Chiedete un indirizzo e vi sarà dato.
Cercate mettendovi in cammino per arrivarci e lo troverete. Bussate
alla porta che corrisponde a quell'indirizzo che avete trovato e vi sarà
aperto. Essendo espressione di una relazione tra persone, la preghiera è un
cammino graduale.
vv. 11-12: Quale padre tra voi, se il figlio gli
chiede un pesce, gli darà una serpe al posto del pesce? O se gli chiede un
uovo, gli darà uno scorpione?
In questi
versetti troviamo due similitudini per descrivere il comportamento del Padre
nei confronti del Figlio e quindi quello di Dio riguardo a ogni discepolo che
con fiducia domanda qualcosa. La fiducia in Dio è l'anima della
preghiera. La relazione filiale con Dio è il senso stesso della preghiera. La
fiducia in Dio è il modo che ha l’uomo di far proprio il dono di Dio e di viverlo
in maniera interpersonale e libera. E d’altra parte la fiducia dell’uomo in
Dio, è addirittura una partecipazione alla fedeltà stessa di Dio verso l’uomo.
v. 13: Se voi dunque, che siete cattivi,
sapete dare cose buone ai vostri figli, quanto più il Padre vostro del cielo
darà lo Spirito Santo a quelli che glielo chiedono!".
Questo
versetto che chiude l’insegnamento sulla preghiera, vuole essere una conclusione
di un ragionamento fino adesso fatto.
Anzitutto
descrive noi come “cattivi” cioè “difettosi”, capaci di sapere dare cose buone,
perfette ai propri figli così sarà di Dio Padre. Anzi Egli darà qualcosa di
più: se stesso.
Infatti, Luca
si distacca dalla lezione di Matteo e al posto delle “cose buone” mette lo “Spirito
Santo”. Anche se può apparire in contrasto con il contenuto dei versetti
precedenti, «esattamente questo è la
preghiera: la preghiera è l'occasione per Dio di riversare il suo Spirito d'Amore nel tuo cuore... Ogni
minuto trascorso in preghiera viene dall'eternità e vi fa ritorno» (Matta El
Meskin). Egli infatti, ci dona la vita divina per cui possiamo chiamarlo davvero “Abbà” e avere
quel pane, quell’amore che come siamo amati ci fa amare gli altri.
In questo
dono di sé, lo Spirito Santo, abbiamo ogni bene: terreno e spirituale che ci
permette di essere trasparenza di Cristo Gesù. Qui troviamo il frutto della
preghiera, dell’Eucarestia che è la preghiera per eccellenza, dove l’uomo può conformare
la sua vita nella vita divina.
Ci fermiamo in
silenzio per accogliere la Parola nella vita. Lasciamo che anche il Silenzio
sia dono perché l’incontro con la Parola sia largamente ricompensato
La Parola illumina la
vita e la interpella
Desidero vivere la stessa
spiritualità di Cristo Gesù?
La preghiera che valore ha nella
mia vita? Quale spazio le dedico?
Con quali sentimenti mi rivolgo a
Dio nella preghiera: serenità e fiducia o distrazione e indifferenza?

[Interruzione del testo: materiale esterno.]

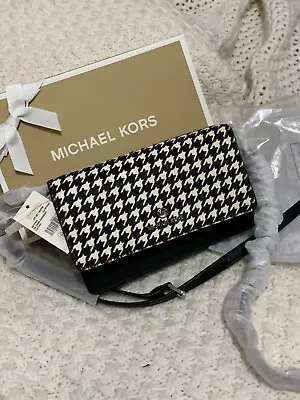 NIB 🌺 Michael Kors Jet Set Houndstooth Calf Hair Small Crossbody Bag 32F1ST9C5L • $114.99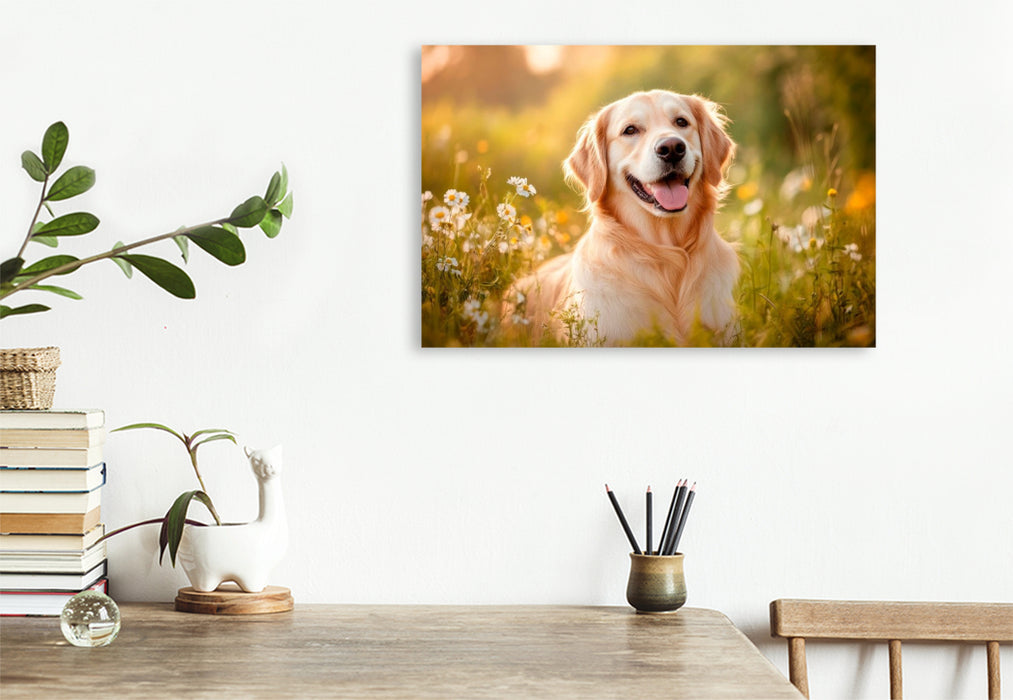Premium Textil-Leinwand Golden Retriever im sommerlichen Abendlicht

Cosa chiedo quando prego: solo il
pane o anche la capacità di fare la volontà di Dio, la gioia di accogliere il
suo regno, la disponibilità a manifestare la santità del suo amore?

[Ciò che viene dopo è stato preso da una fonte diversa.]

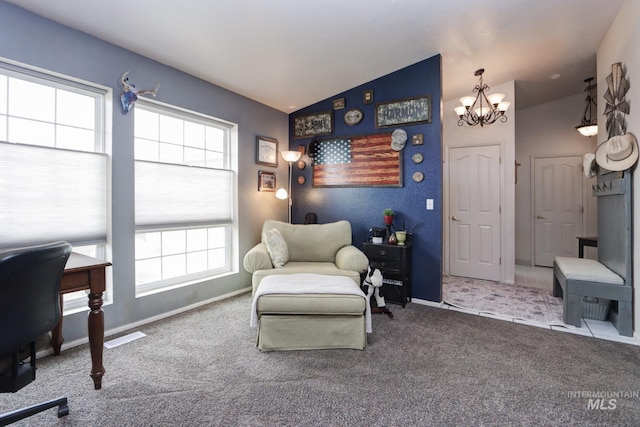 sitting room with vaulted ceiling, a notable chandelier, carpet, and baseboards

Pregare Rispondi a Dio con le
sue stesse parole
Ti rendo grazie, Signore, con
tutto il cuore:
hai ascoltato le parole della mia
bocca.
Non agli dèi, ma a te voglio
cantare,
mi prostro verso il tuo tempio
santo.
Rendo grazie al tuo nome per il
tuo amore e la tua fedeltà:
hai reso la tua promessa più
grande del tuo nome.
Nel giorno in cui ti ho invocato,
mi hai risposto,
hai accresciuto in me la forza.
Perché eccelso è il Signore, ma
guarda verso l’umile;
il superbo invece lo riconosce da
lontano.
Se cammino in mezzo al pericolo,
tu mi ridoni vita;
contro la collera dei miei
avversari stendi la tua mano.
La tua destra mi salva.
Il Signore farà tutto per me.
Signore, il tuo amore è per
sempre:
non abbandonare l’opera delle tue
mani. (Sal 137).
Contemplare-agire L’incontro con l’infinito di Dio è impegno concreto nella quotidianità…
Lasciamo
che lo Spirito Santo illumini la nostra vita. Mettiamoci alla presenza di Dio,
non delle nostre idee su Dio; Dio è persona, le idee sono fantasie, per
metterci a pregare e ricevere il suo amore da donare.